What exactly is nonstationarity in linear regression misspecification? Why is a changing mean bad?

From the book, it says nonstationarity means the mean and variance are not constant through time. I understand that a changing variance would cause heteroskedasticity, but how is changing mean bad? All linear regression models with a non-zero slope mean that the mean is changing, how come this is not acceptable?

Thank you!

Changing mean is not bad. Means that do not lead to mean reversion are a problem. Non stationarity is exact same that.

When the mean is changing, some statistical tests cannot be applied.

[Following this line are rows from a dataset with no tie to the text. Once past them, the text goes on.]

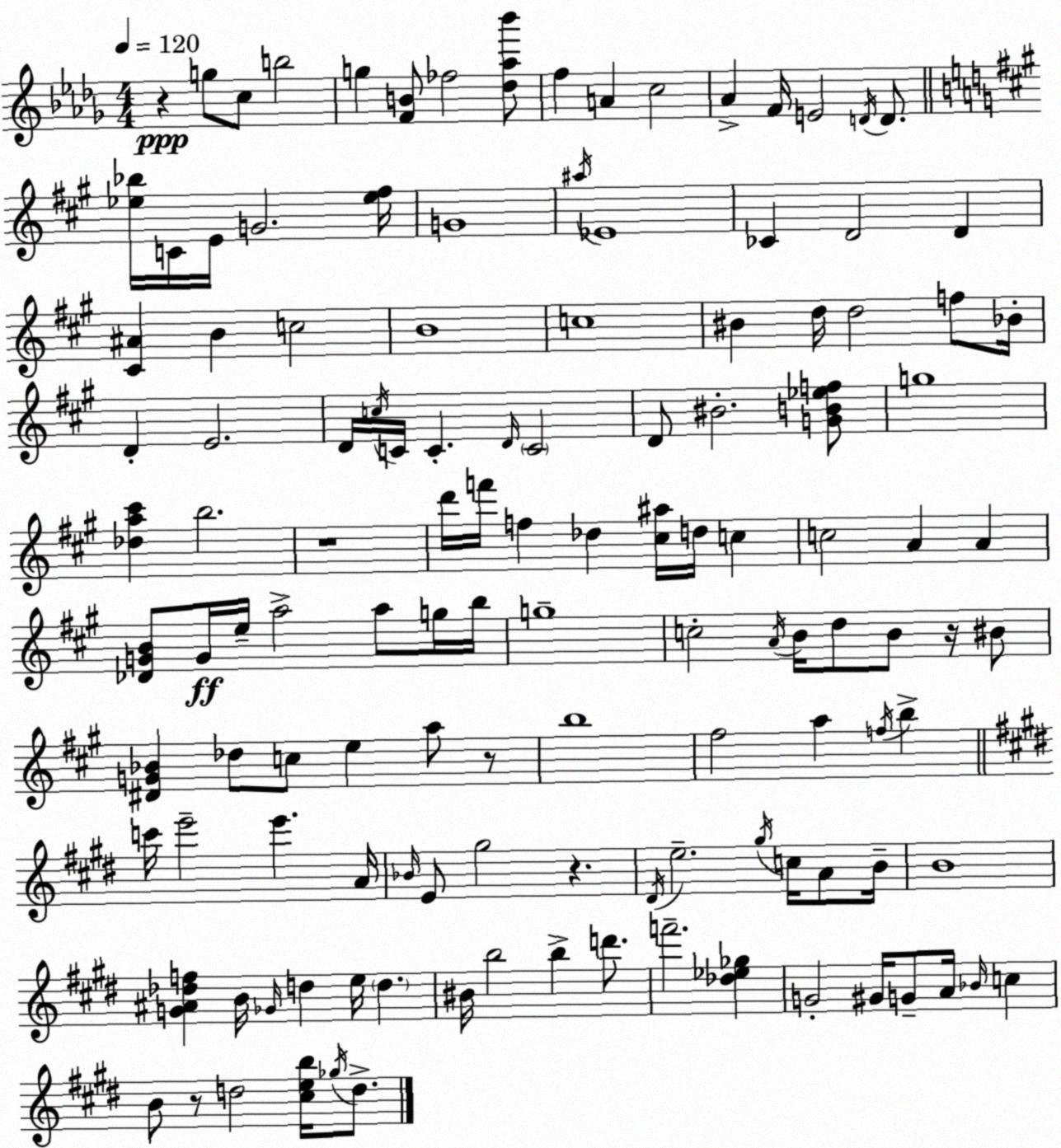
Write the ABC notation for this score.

X:1
T:Untitled
M:4/4
L:1/4
K:Bbm
z g/2 c/2 b2 g [FB]/2 _f2 [_d_a_b']/2 f A c2 _A F/4 E2 D/4 D/2 [_e_b]/4 C/4 E/4 G2 [_e^f]/4 G4 ^a/4 _E4 _C D2 D [^C^A] B c2 B4 c4 ^B d/4 d2 f/2 _B/4 D E2 D/4 c/4 C/4 C D/4 C2 D/2 ^B2 [GB_ef]/2 g4 [_da^c'] b2 z4 d'/4 f'/4 f _d [^c^a]/4 d/4 c c2 A A [_DGB]/2 G/4 e/4 a2 a/2 g/4 b/4 g4 c2 A/4 B/4 d/2 B/2 z/4 ^B/2 [^DG_B] _d/2 c/2 e a/2 z/2 b4 ^f2 a f/4 b c'/4 e'2 e' A/4 _B/4 E/2 ^g2 z ^D/4 e2 ^g/4 c/4 A/2 B/4 B4 [G^A_df] B/4 _G/4 d e/4 d ^B/4 b2 b d'/2 f'2 [_d_e_g] G2 ^G/4 G/2 A/4 _B/4 c B/2 z/2 d2 [^ceb]/4 _g/4 d/2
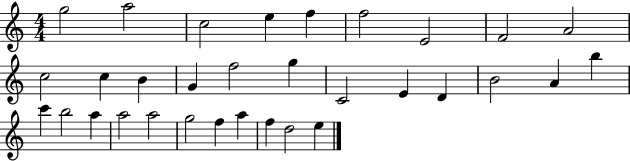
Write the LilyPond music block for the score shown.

{
  \clef treble
  \numericTimeSignature
  \time 4/4
  \key c \major
  g''2 a''2 | c''2 e''4 f''4 | f''2 e'2 | f'2 a'2 | \break c''2 c''4 b'4 | g'4 f''2 g''4 | c'2 e'4 d'4 | b'2 a'4 b''4 | \break c'''4 b''2 a''4 | a''2 a''2 | g''2 f''4 a''4 | f''4 d''2 e''4 | \break \bar "|."
}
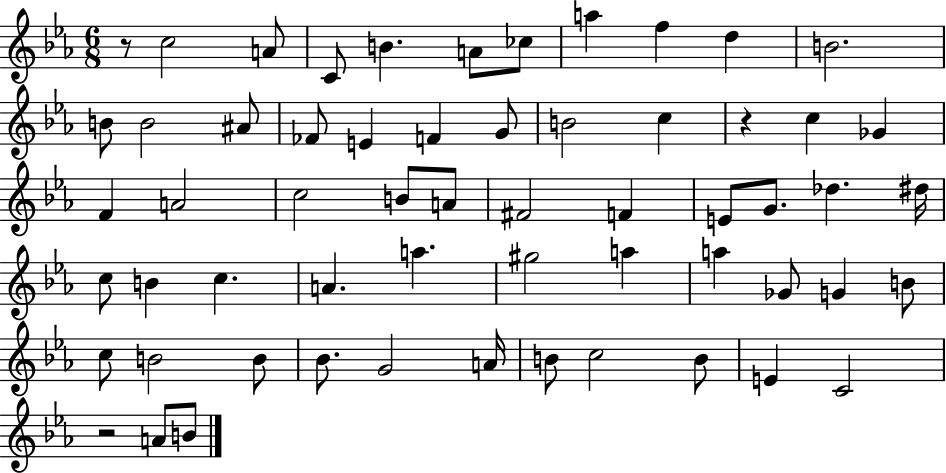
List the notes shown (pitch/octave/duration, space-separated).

R/e C5/h A4/e C4/e B4/q. A4/e CES5/e A5/q F5/q D5/q B4/h. B4/e B4/h A#4/e FES4/e E4/q F4/q G4/e B4/h C5/q R/q C5/q Gb4/q F4/q A4/h C5/h B4/e A4/e F#4/h F4/q E4/e G4/e. Db5/q. D#5/s C5/e B4/q C5/q. A4/q. A5/q. G#5/h A5/q A5/q Gb4/e G4/q B4/e C5/e B4/h B4/e Bb4/e. G4/h A4/s B4/e C5/h B4/e E4/q C4/h R/h A4/e B4/e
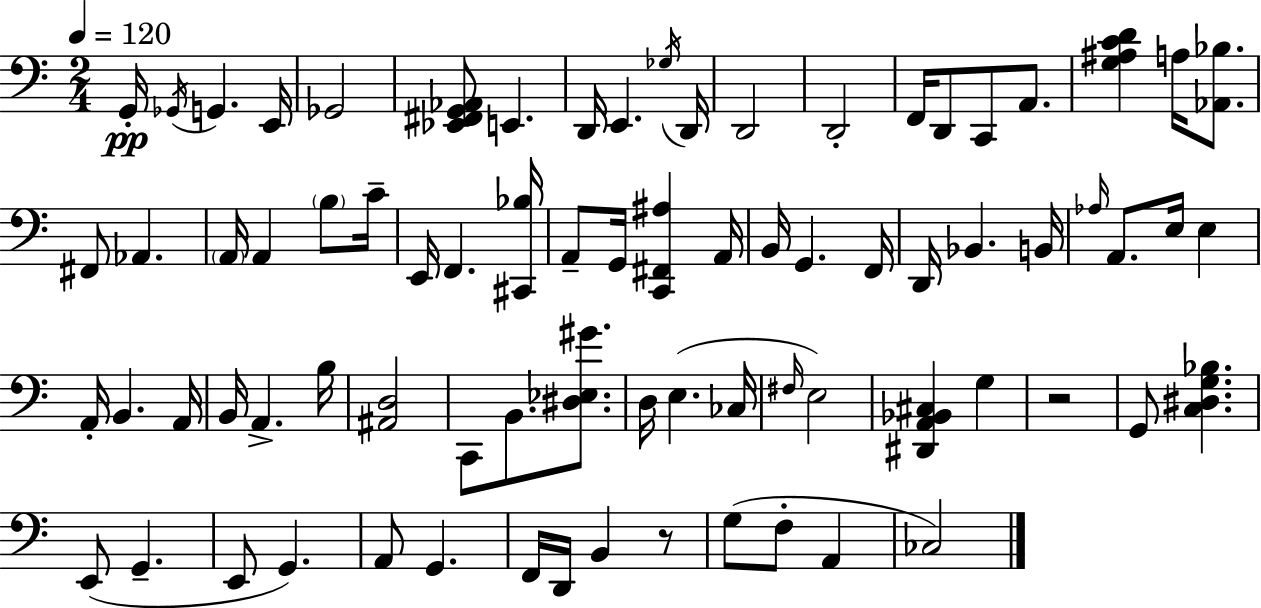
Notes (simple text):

G2/s Gb2/s G2/q. E2/s Gb2/h [Eb2,F#2,G2,Ab2]/e E2/q. D2/s E2/q. Gb3/s D2/s D2/h D2/h F2/s D2/e C2/e A2/e. [G3,A#3,C4,D4]/q A3/s [Ab2,Bb3]/e. F#2/e Ab2/q. A2/s A2/q B3/e C4/s E2/s F2/q. [C#2,Bb3]/s A2/e G2/s [C2,F#2,A#3]/q A2/s B2/s G2/q. F2/s D2/s Bb2/q. B2/s Ab3/s A2/e. E3/s E3/q A2/s B2/q. A2/s B2/s A2/q. B3/s [A#2,D3]/h C2/e B2/e. [D#3,Eb3,G#4]/e. D3/s E3/q. CES3/s F#3/s E3/h [D#2,A2,Bb2,C#3]/q G3/q R/h G2/e [C3,D#3,G3,Bb3]/q. E2/e G2/q. E2/e G2/q. A2/e G2/q. F2/s D2/s B2/q R/e G3/e F3/e A2/q CES3/h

Bill, that does not solve his predicament. OP compares the Lin. Regression slope (beta) with stationarity.

Hi! Does this mean that the concept of stationarity or covariance stationarity only applies to autoregressive time series models and when regressing 2-time series together, but does not apply to normal linear regression models or linear trend models?

The mean has to be stationary. Be it any time series. Stationary mean does not necessarily mean a constant value. If you apply moving average to a series of data points the means do keep on changing but in a systematic defineable manner… around which a normal distribution can be thought of and thus the forecasting becomes easy. Of course longer the time period smoother the results.

We also need the variance to hold the same property. Both of them put together lend to covariance stationarity and mean reverting time series. Without this it will be impossible to construct the Line of regression.

Violation leads to a series generating Random walk which of course also defies the property of unit root. In fact the the biggest question then becomes to estimate what part of data can be termed stationary , where is the boundary ( if any) and can we distinctly identify the non stationary time series. If yes, then this whole dataset is still useful to the practitioner.

I invite Magician’s views as well as I believe he may correct if there are conceptual error in my narrative.